Collected data entries -
========================================================================

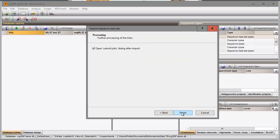In the last step I uncheck the option to submit jobs to the External Calculation Engine since this will be covered in the next video. I press Finish to import the data links.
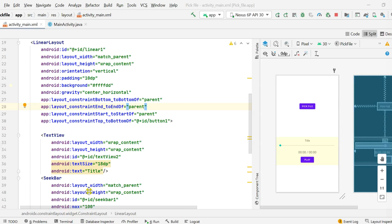Hello friends, in my previous video I showed you how to pick an image and display it in an image view. In this video I will show you how to pick an audio file and play it in your app.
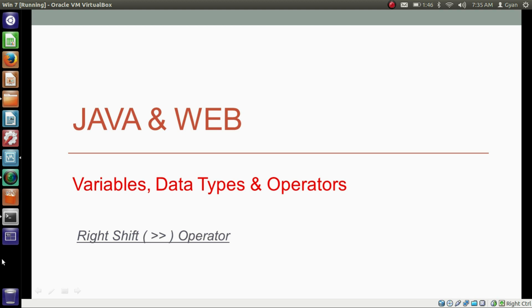In the last video, we shifted the bits of bytes, integer, long, or character variables to the left. In this video, we will shift the bits to the right. Hello everyone, I am Gyan and you are watching the second session of Java variables, data types and operators. In this video, we will learn about the right shift operator in Java.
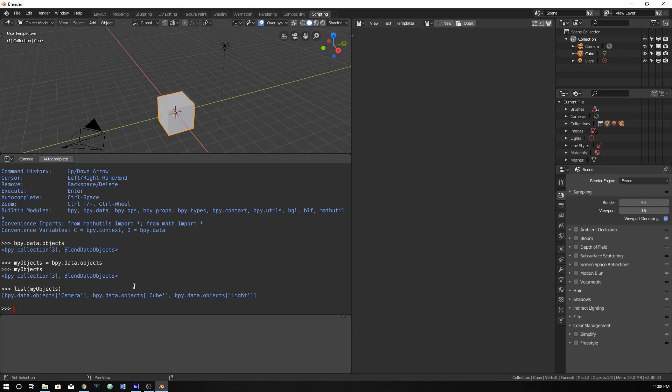And it will now list all of the objects within the scene. This is handy. Because we now know that this list at the array or list index of cube is our cube. So that's cool. Let's do something with that.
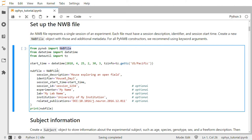Then we will call the NWB file constructor and pass it various keyword arguments such as the session description, identifier, session start time, session ID, experimenter name, lab name, institution name, and any publications related to this data. The first three arguments are required and the last five are optional. You can find additional optional arguments in the online documentation for PyNWB.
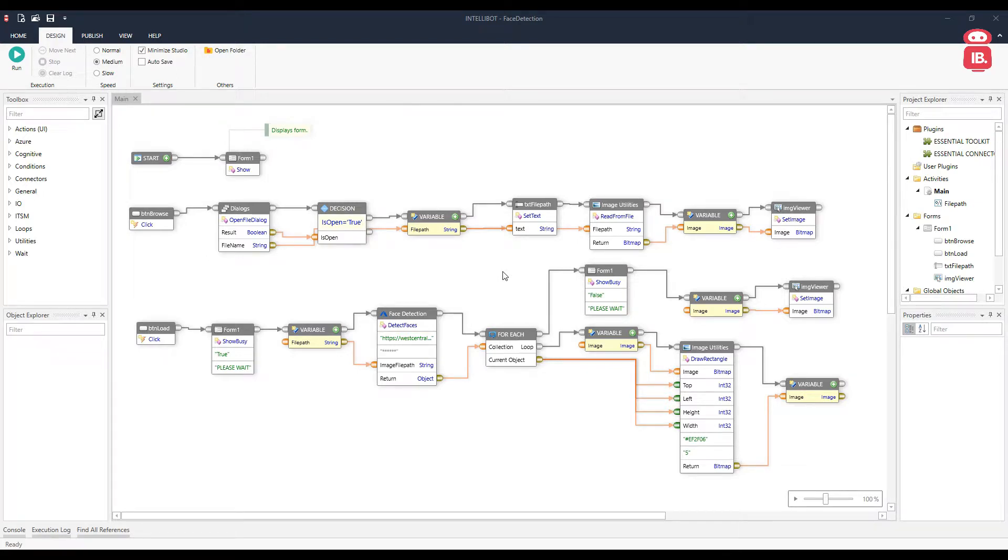Hello everyone, in this video we will see how the face detection service from Azure works. This is the automation.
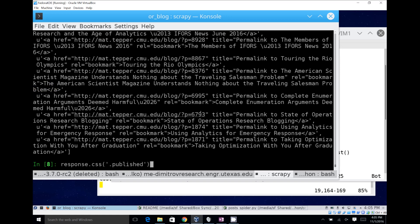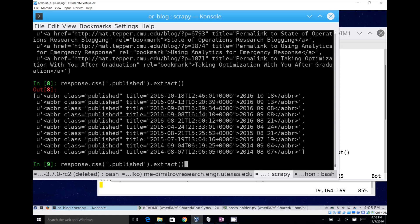Going back to the dates: if I want to extract just the displayed date as opposed to the more specific time, one way is to use a regular expression. Another way is response.css('.published::text').extract(). CSS queries can select the text within the element using ::text, or select a specific attribute using ::attr(title) to get the more specific timestamp.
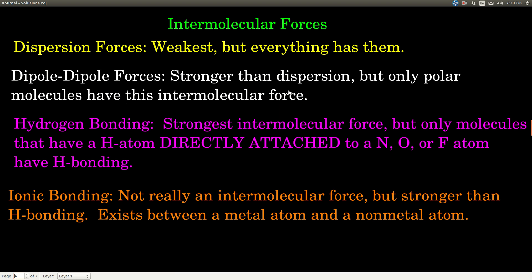Now we're going to talk about intermolecular forces, because that's what lets us explain how solutions form. There are three basic types: dispersion forces, dipole-dipole forces, and hydrogen bonding — which is a misleading term because hydrogen bonds are not really bonds; they're intermolecular forces. An intermolecular force is a force of attraction between separate molecules, as opposed to an intramolecular force (I-N-T-R-A), which is a force within the molecule — the bonds inside of it.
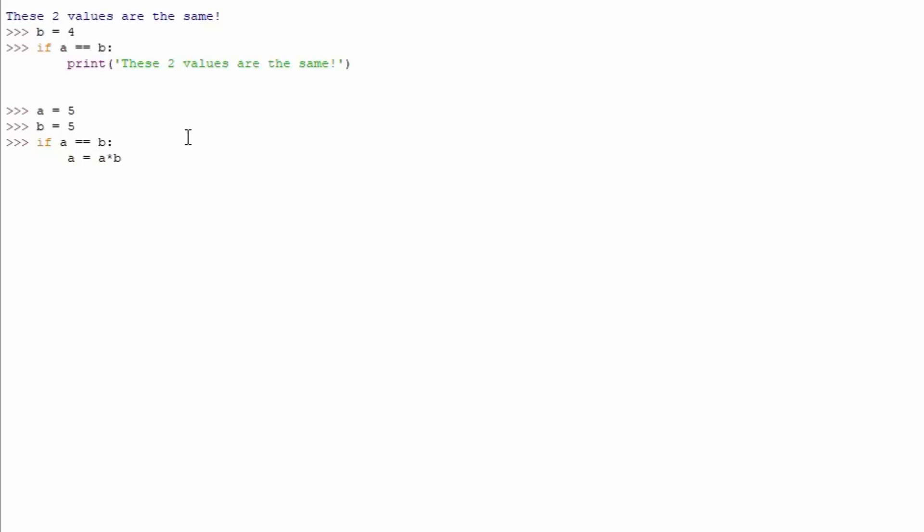Which will basically make A after this if statement to be equal to 25. So, we can do it like this, press here enter, our if statement has finished. And if I just type here A, you can see right now A is no longer 5, A is right now 25.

========================================================================

Task brief - Give again, word for word, each line from the one holding "Going back to" through the end of the entries, and leave out any picture.

Your solution -
Going back to the dates: if I want to extract just the displayed date as opposed to the more specific time, one way is to use a regular expression. Another way is response.css('.published::text').extract(). CSS queries can select the text within the element using ::text, or select a specific attribute using ::attr(title) to get the more specific timestamp.
Now we're going to talk about intermolecular forces, because that's what lets us explain how solutions form. There are three basic types: dispersion forces, dipole-dipole forces, and hydrogen bonding — which is a misleading term because hydrogen bonds are not really bonds; they're intermolecular forces. An intermolecular force is a force of attraction between separate molecules, as opposed to an intramolecular force (I-N-T-R-A), which is a force within the molecule — the bonds inside of it.
Which will basically make A after this if statement to be equal to 25. So, we can do it like this, press here enter, our if statement has finished. And if I just type here A, you can see right now A is no longer 5, A is right now 25.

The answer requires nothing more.